[Image-text web data]
*** Begin section ***

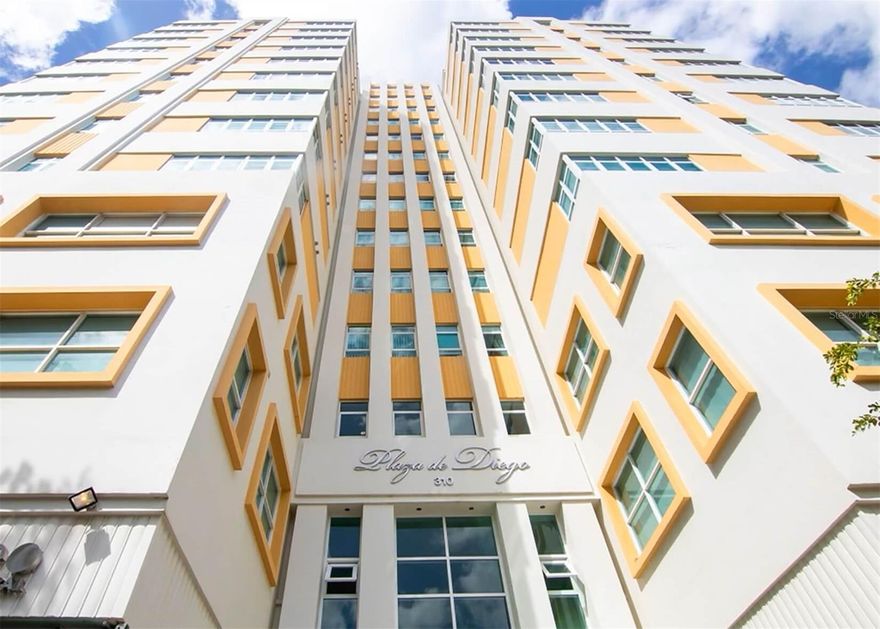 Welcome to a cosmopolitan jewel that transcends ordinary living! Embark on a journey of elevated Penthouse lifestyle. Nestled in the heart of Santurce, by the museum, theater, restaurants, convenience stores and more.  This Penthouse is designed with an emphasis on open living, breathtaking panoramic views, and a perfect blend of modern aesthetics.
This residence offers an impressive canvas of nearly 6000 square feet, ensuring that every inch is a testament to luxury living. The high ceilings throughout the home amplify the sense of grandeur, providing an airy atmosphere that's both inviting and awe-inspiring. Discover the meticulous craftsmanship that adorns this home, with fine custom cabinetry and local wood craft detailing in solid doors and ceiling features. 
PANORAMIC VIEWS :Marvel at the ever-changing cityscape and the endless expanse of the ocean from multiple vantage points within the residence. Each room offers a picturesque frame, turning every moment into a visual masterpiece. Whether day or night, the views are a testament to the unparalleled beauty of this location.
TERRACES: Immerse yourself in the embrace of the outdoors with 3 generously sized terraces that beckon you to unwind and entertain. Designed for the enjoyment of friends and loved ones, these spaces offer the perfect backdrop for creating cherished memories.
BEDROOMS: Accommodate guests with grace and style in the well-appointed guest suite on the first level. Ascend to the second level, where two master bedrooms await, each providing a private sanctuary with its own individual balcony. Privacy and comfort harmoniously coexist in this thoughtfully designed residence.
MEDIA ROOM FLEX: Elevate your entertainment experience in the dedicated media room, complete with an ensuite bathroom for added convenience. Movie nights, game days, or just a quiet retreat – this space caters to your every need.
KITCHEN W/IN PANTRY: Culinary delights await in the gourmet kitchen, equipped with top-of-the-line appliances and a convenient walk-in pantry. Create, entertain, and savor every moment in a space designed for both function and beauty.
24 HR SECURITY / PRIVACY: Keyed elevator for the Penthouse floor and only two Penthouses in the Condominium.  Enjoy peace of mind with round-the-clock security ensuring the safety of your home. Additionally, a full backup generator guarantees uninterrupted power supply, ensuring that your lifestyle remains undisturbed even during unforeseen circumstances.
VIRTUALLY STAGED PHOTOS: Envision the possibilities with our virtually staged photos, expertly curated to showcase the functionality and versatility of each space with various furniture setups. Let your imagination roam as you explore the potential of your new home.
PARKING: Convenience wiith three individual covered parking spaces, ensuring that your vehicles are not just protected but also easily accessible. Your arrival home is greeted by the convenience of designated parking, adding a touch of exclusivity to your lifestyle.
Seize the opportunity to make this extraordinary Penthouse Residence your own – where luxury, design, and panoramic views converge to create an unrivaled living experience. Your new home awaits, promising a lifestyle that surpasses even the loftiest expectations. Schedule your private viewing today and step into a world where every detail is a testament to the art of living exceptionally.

*** End section ***

* _What to produce_: The response should repeat each record precisely and contain no pictures.

* _Task result_:
 Welcome to a cosmopolitan jewel that transcends ordinary living! Embark on a journey of elevated Penthouse lifestyle. Nestled in the heart of Santurce, by the museum, theater, restaurants, convenience stores and more.  This Penthouse is designed with an emphasis on open living, breathtaking panoramic views, and a perfect blend of modern aesthetics.
This residence offers an impressive canvas of nearly 6000 square feet, ensuring that every inch is a testament to luxury living. The high ceilings throughout the home amplify the sense of grandeur, providing an airy atmosphere that's both inviting and awe-inspiring. Discover the meticulous craftsmanship that adorns this home, with fine custom cabinetry and local wood craft detailing in solid doors and ceiling features. 
PANORAMIC VIEWS :Marvel at the ever-changing cityscape and the endless expanse of the ocean from multiple vantage points within the residence. Each room offers a picturesque frame, turning every moment into a visual masterpiece. Whether day or night, the views are a testament to the unparalleled beauty of this location.
TERRACES: Immerse yourself in the embrace of the outdoors with 3 generously sized terraces that beckon you to unwind and entertain. Designed for the enjoyment of friends and loved ones, these spaces offer the perfect backdrop for creating cherished memories.
BEDROOMS: Accommodate guests with grace and style in the well-appointed guest suite on the first level. Ascend to the second level, where two master bedrooms await, each providing a private sanctuary with its own individual balcony. Privacy and comfort harmoniously coexist in this thoughtfully designed residence.
MEDIA ROOM FLEX: Elevate your entertainment experience in the dedicated media room, complete with an ensuite bathroom for added convenience. Movie nights, game days, or just a quiet retreat – this space caters to your every need.
KITCHEN W/IN PANTRY: Culinary delights await in the gourmet kitchen, equipped with top-of-the-line appliances and a convenient walk-in pantry. Create, entertain, and savor every moment in a space designed for both function and beauty.
24 HR SECURITY / PRIVACY: Keyed elevator for the Penthouse floor and only two Penthouses in the Condominium.  Enjoy peace of mind with round-the-clock security ensuring the safety of your home. Additionally, a full backup generator guarantees uninterrupted power supply, ensuring that your lifestyle remains undisturbed even during unforeseen circumstances.
VIRTUALLY STAGED PHOTOS: Envision the possibilities with our virtually staged photos, expertly curated to showcase the functionality and versatility of each space with various furniture setups. Let your imagination roam as you explore the potential of your new home.
PARKING: Convenience wiith three individual covered parking spaces, ensuring that your vehicles are not just protected but also easily accessible. Your arrival home is greeted by the convenience of designated parking, adding a touch of exclusivity to your lifestyle.
Seize the opportunity to make this extraordinary Penthouse Residence your own – where luxury, design, and panoramic views converge to create an unrivaled living experience. Your new home awaits, promising a lifestyle that surpasses even the loftiest expectations. Schedule your private viewing today and step into a world where every detail is a testament to the art of living exceptionally.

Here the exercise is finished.